- _ABOUT THIS EXERCISE_: An exact copy of all the data is required, with pictures left out.

- _COLLECTED MATERIAL_:
------------------------------

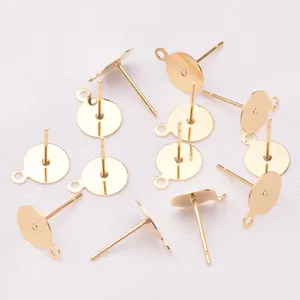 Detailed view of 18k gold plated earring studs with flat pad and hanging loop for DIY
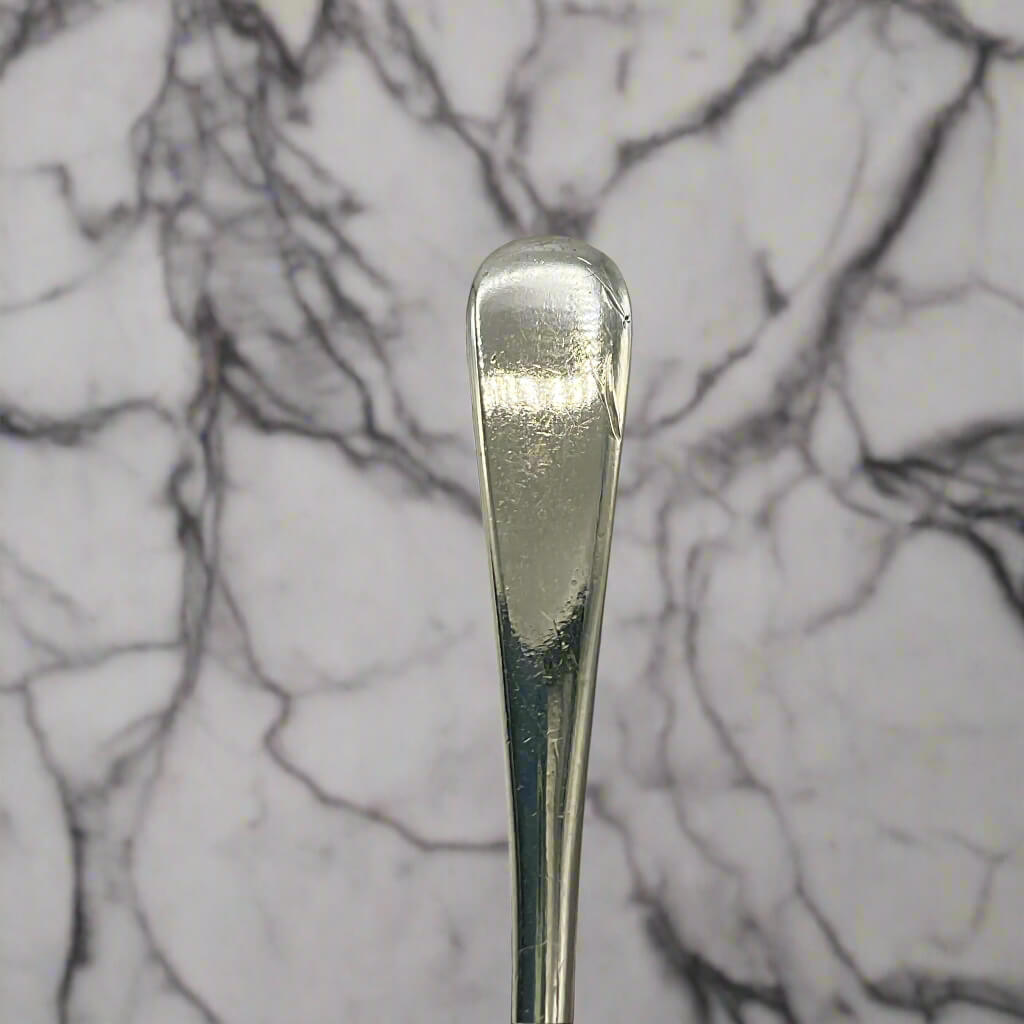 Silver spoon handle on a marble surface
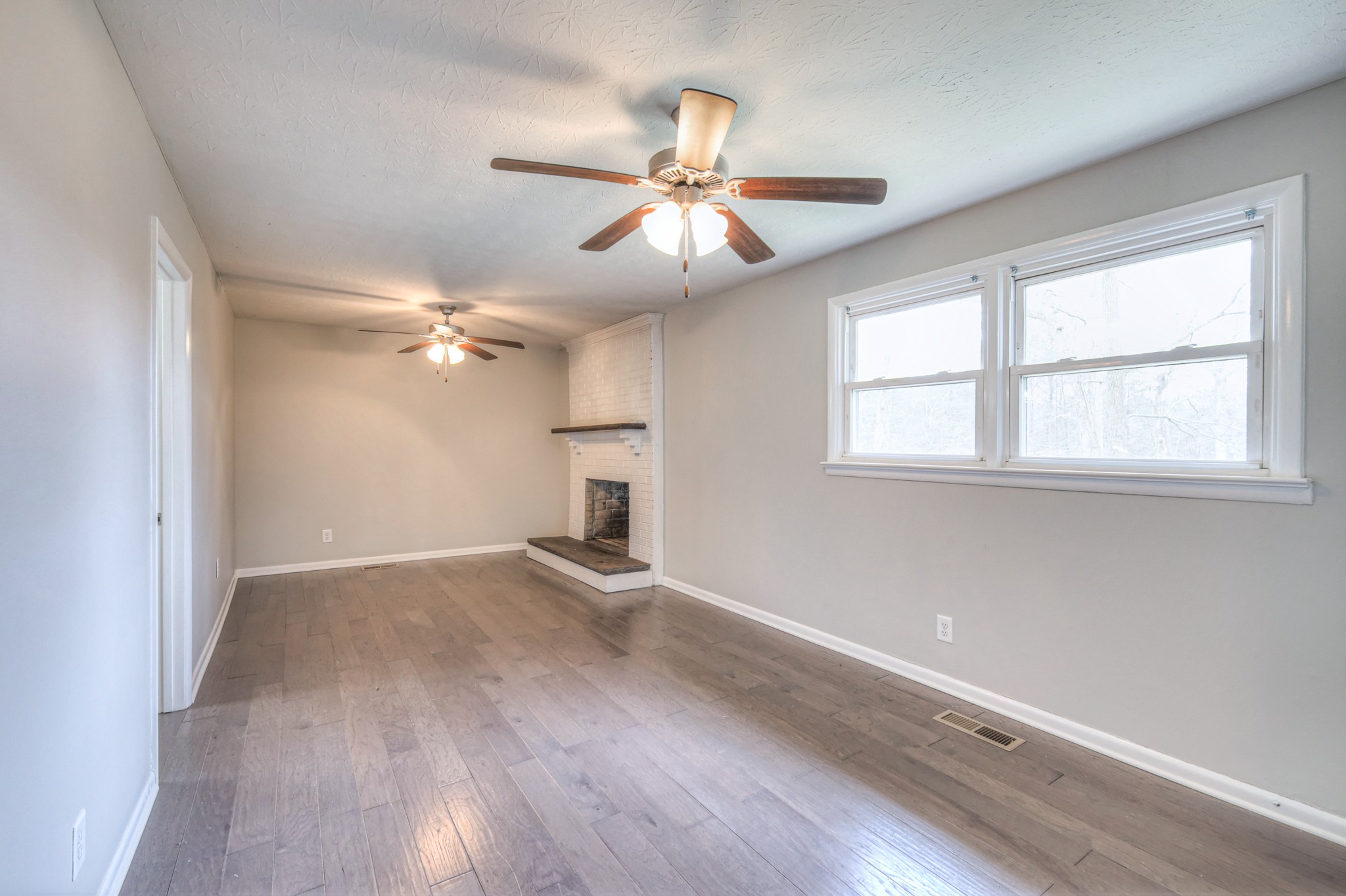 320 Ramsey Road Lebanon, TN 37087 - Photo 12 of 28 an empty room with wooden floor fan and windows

------------------------------

- _TASK RESULT_:
 Detailed view of 18k gold plated earring studs with flat pad and hanging loop for DIY
 Silver spoon handle on a marble surface
 320 Ramsey Road Lebanon, TN 37087 - Photo 12 of 28 an empty room with wooden floor fan and windows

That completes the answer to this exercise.